▶ _DIRECTIONS FOR THIS TASK_: Exactly reproduce the lines from the one containing "a hotel room" through the last line of the data, both ends included, leaving out pictures.

★ ★ ★ ★

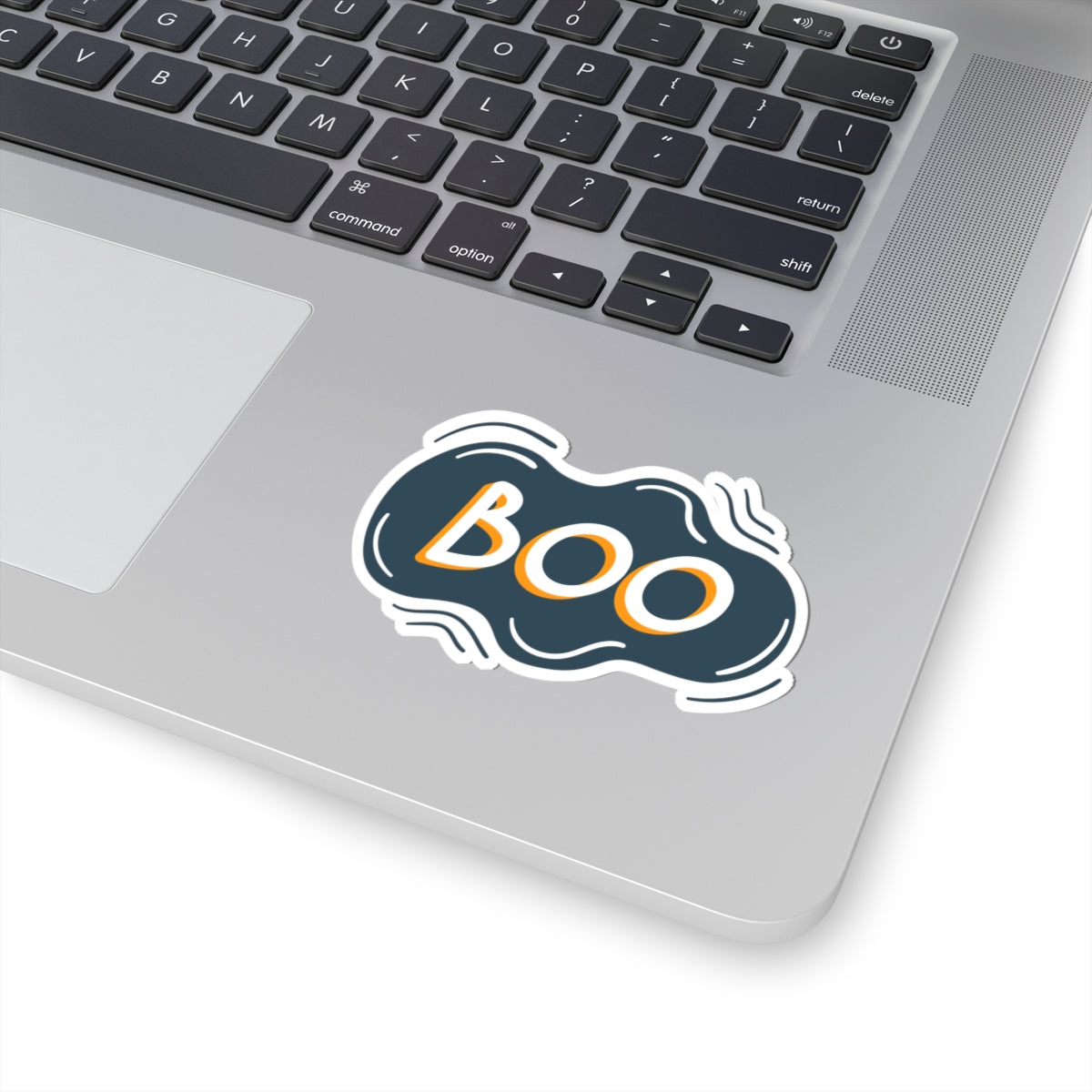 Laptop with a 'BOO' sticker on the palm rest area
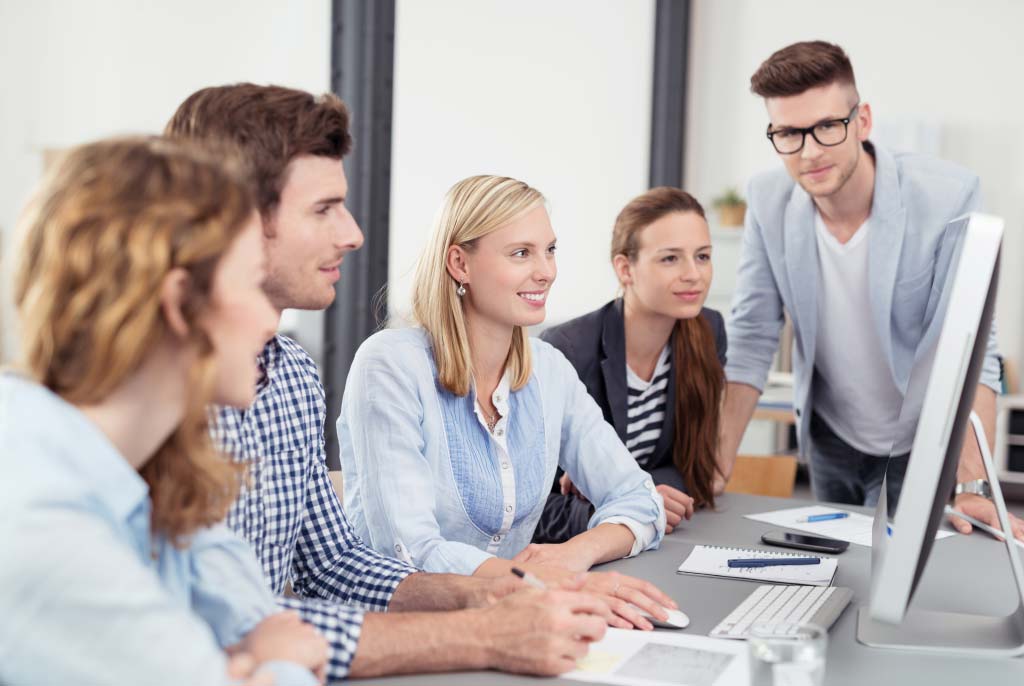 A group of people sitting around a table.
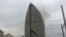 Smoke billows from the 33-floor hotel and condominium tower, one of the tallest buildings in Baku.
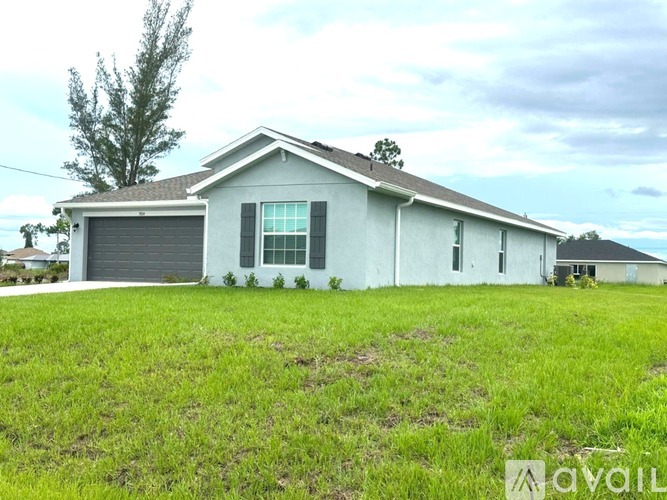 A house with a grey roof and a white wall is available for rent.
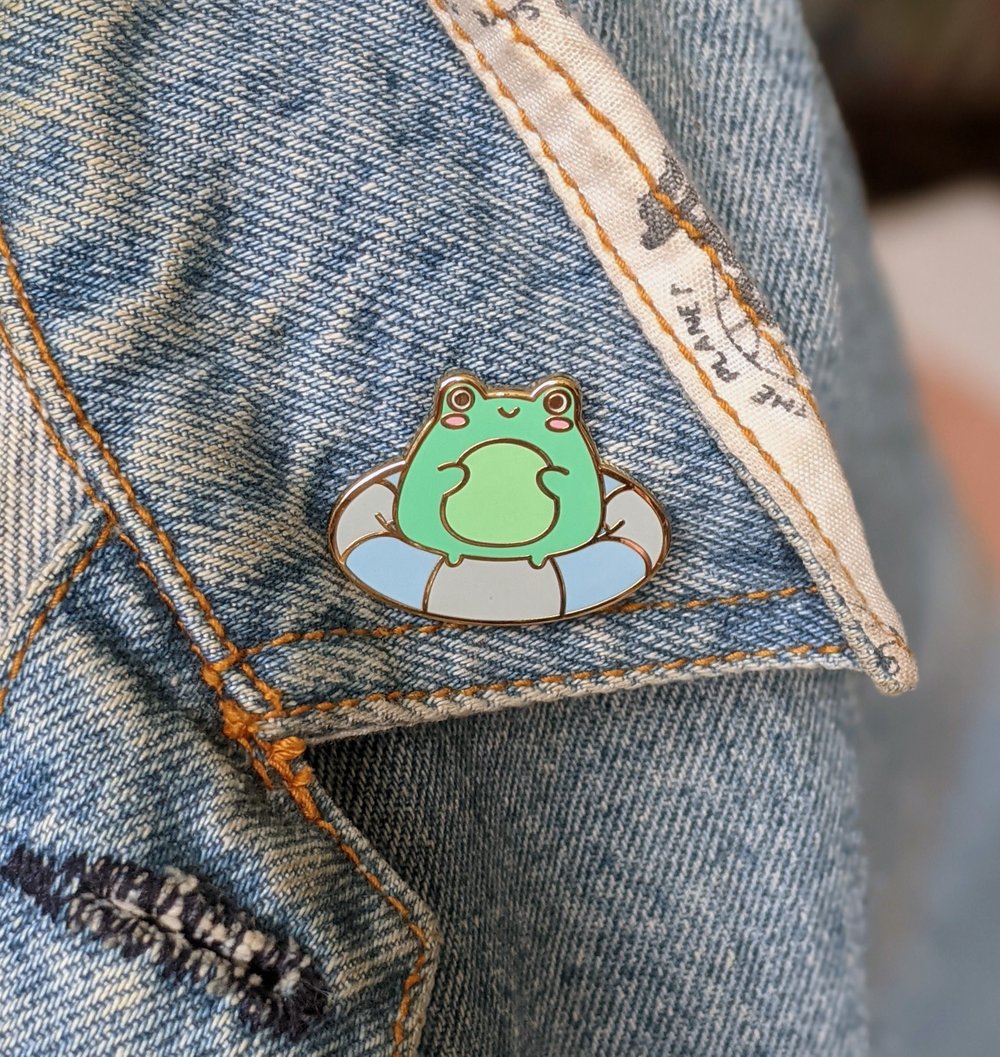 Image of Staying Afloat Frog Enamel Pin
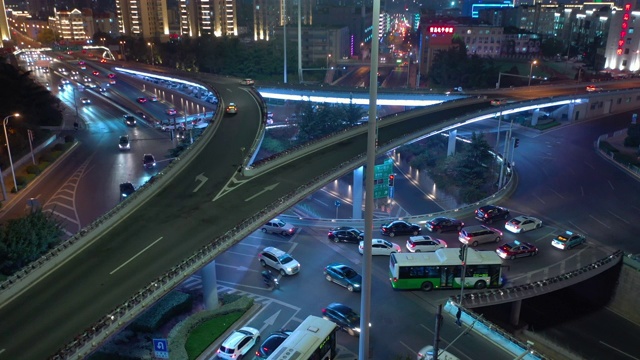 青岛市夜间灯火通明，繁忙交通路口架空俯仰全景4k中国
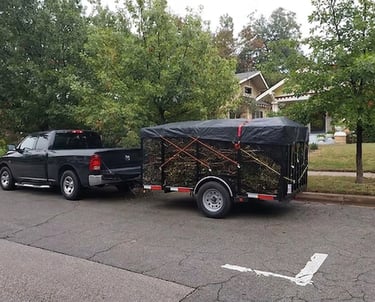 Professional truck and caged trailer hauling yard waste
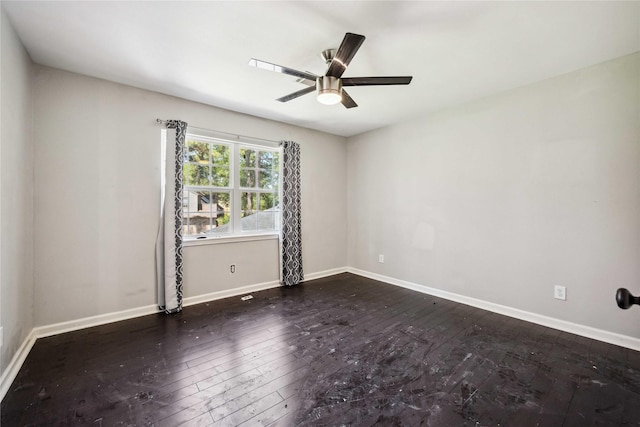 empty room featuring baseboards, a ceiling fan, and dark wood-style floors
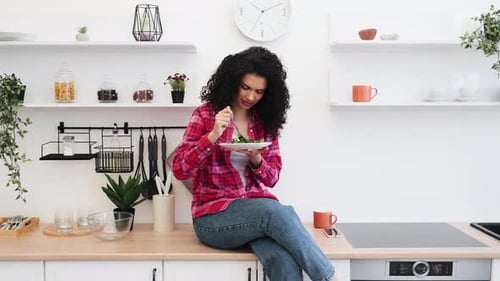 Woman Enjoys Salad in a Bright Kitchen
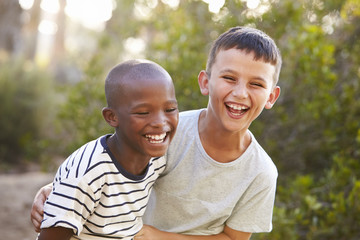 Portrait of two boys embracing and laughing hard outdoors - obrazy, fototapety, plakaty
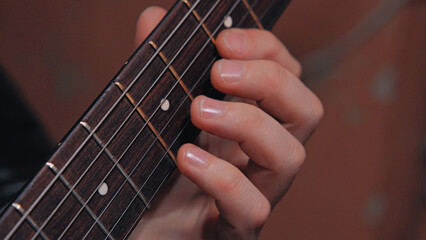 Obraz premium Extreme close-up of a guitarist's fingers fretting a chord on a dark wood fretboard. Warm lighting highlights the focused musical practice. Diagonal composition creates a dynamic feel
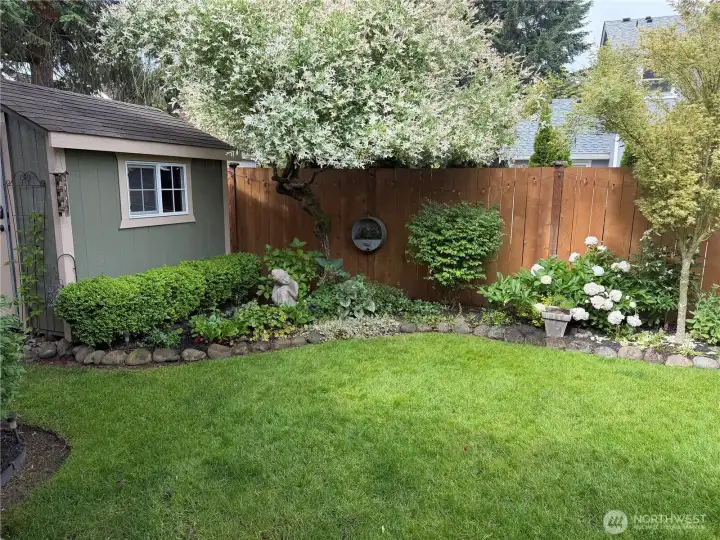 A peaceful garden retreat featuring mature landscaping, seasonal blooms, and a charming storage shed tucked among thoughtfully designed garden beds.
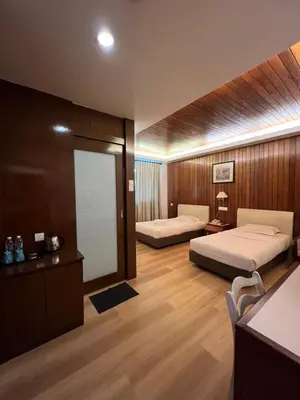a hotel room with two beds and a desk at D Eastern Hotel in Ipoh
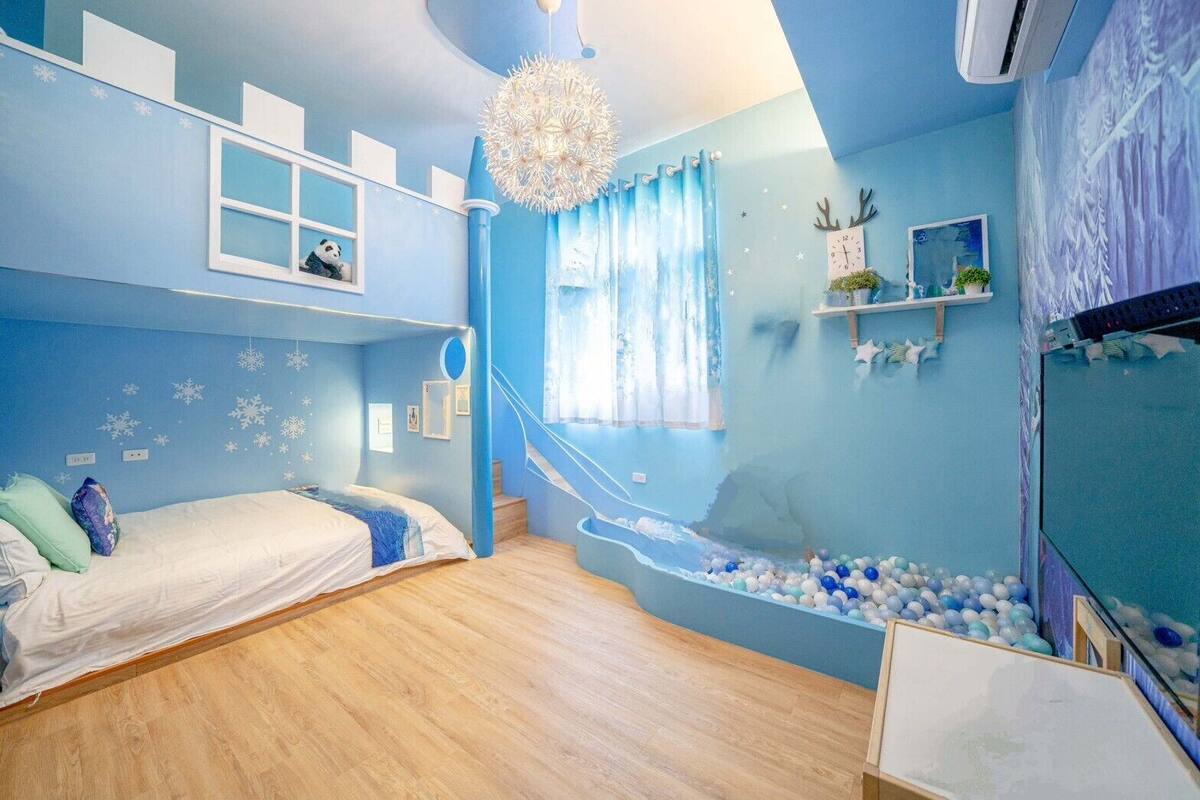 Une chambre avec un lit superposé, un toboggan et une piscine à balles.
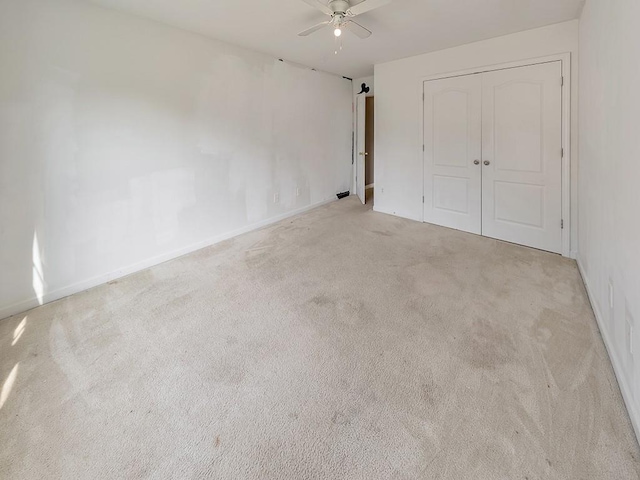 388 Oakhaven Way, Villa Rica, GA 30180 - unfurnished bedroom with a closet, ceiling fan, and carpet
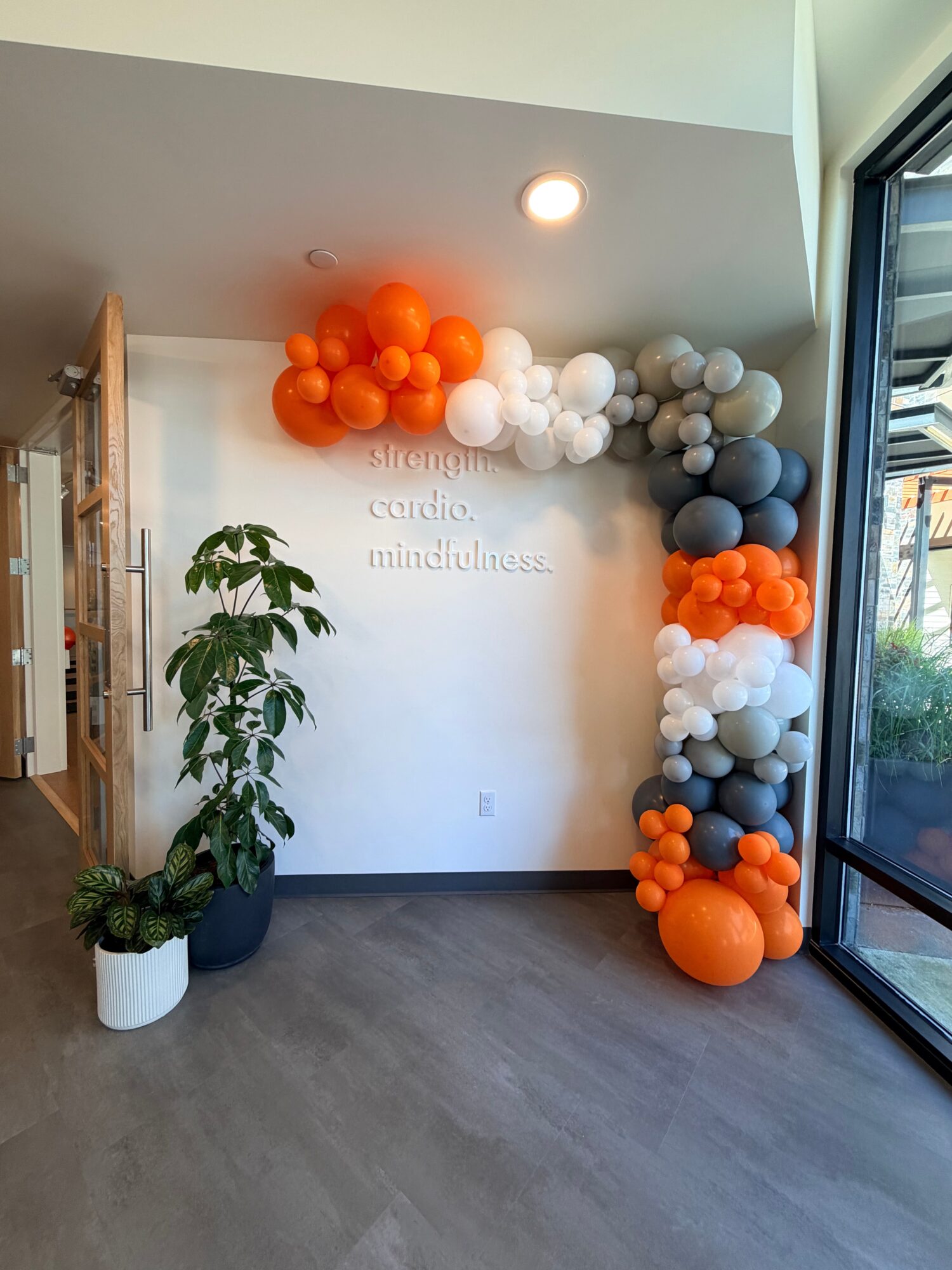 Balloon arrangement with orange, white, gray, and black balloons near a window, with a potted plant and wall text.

★ ★ ★ ★

▶ _RESPONSE AREA_:
a hotel room with two beds and a desk at D Eastern Hotel in Ipoh
 Une chambre avec un lit superposé, un toboggan et une piscine à balles.
 388 Oakhaven Way, Villa Rica, GA 30180 - unfurnished bedroom with a closet, ceiling fan, and carpet
 Balloon arrangement with orange, white, gray, and black balloons near a window, with a potted plant and wall text.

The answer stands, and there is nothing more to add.